Date: Wed, 31 Dec 2008 14:25:36 -0500
Reply-To: Ian Whitlock <iw1sas@GMAIL.COM>
Sender: "SAS(r) Discussion" <SAS-L@LISTSERV.UGA.EDU>
From: Ian Whitlock <iw1sas@GMAIL.COM>
Subject: Re: Output the Results of a Proc Freq To A SAS Dataset
Content-Type: text/plain; charset=ISO-8859-1
From: Jack Hamilton <jfh@STANFORDALUMNI.ORG>
Subject: Re: Output the Results of a Proc Freq To A SAS Dataset
Jack,
Nice answer.
Incidentally, comparison with your results pointed to two mistakes I
overlooked in my code.
1) assignment of format in data creation is incorrect
2) macro needs a LENGTH statment for NAME&I
Thanks.
Ian Whitlock
===============
Jack Hamilton <jfh@STANFORDALUMNI.ORG> wrote:
I haven't been following this discussion closely, so I may be
overlooking some important aspect of the problem, but why not just use
PROC TABULATE to get one output data set containing all the crosstabs?
=====
ods _all_ close;
proc tabulate data=abc missing out=all_out;
class plan cnt h_cmc
clm_dx_1_cd clm_dx_2_cd
h_ldlc_scrn h_ldlc_lt100;
table plan * cnt * n;
table plan * h_cmc * n;
table plan * h_cmc * clm_dx_1_cd * n;
table plan * h_cmc * clm_dx_2_cd * n;
table plan * H_LDLC_SCRN * H_LDLC_LT100 * n;
run;
ods listing;
=====
You can use the _TYPE_ variable to figure out which rows go with which
table statement.
On Tue, 30 Dec 2008 22:22:01 -0500, "Ian Whitlock" <iw1sas@GMAIL.COM>
said:
> Summary: ODS or OUT= for multi freqs? (with code for OUT=)
> #iw-value=1
>
> In response to my ranting (APOLOGIES to Mary) Andrew wrote in part:
>
> I also think we need to focus on a solution to the problem posed
in
> Gina's original post.
>
> ODS may offer something of a solution here. It's not perfect,
but
> it may save some time and steps versus a completely manual
> approach.
>
> with the code snippet
>
> ods listing close;
> ods output crosstabfreqs(persist=proc match_all) =table;
> proc freq data=elec;
> by region;
> tables office*(cesched serial trans);
> run;
> ods listing;
>
> producing data sets TABLE and TABLE1-TABLE30. (I feel kind of dirty
> when I have to work with the oddball TABLE and wonder at the
> programmer too lazy to either have TABLE0 or go to TABLE31.

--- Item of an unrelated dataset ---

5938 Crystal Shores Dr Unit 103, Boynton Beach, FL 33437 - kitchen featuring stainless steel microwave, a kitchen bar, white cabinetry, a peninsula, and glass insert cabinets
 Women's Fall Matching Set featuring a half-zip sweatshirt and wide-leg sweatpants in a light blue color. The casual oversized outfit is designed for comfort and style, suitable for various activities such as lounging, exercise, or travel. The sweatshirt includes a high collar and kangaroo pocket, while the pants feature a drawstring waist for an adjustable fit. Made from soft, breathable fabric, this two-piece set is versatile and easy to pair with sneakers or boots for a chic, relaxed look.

> Moreover, it is a nightmare when you work interactively because the
> second time you execute you get TABLE32-TABLE62 and have to remember
> which is which.)
>
> To the point of combining the sets Andrew remarks:
>
> We now have 30 separate SAS data sets, each of which contains the
> PROC FREQ-generated output from a cross-tabulation we requested.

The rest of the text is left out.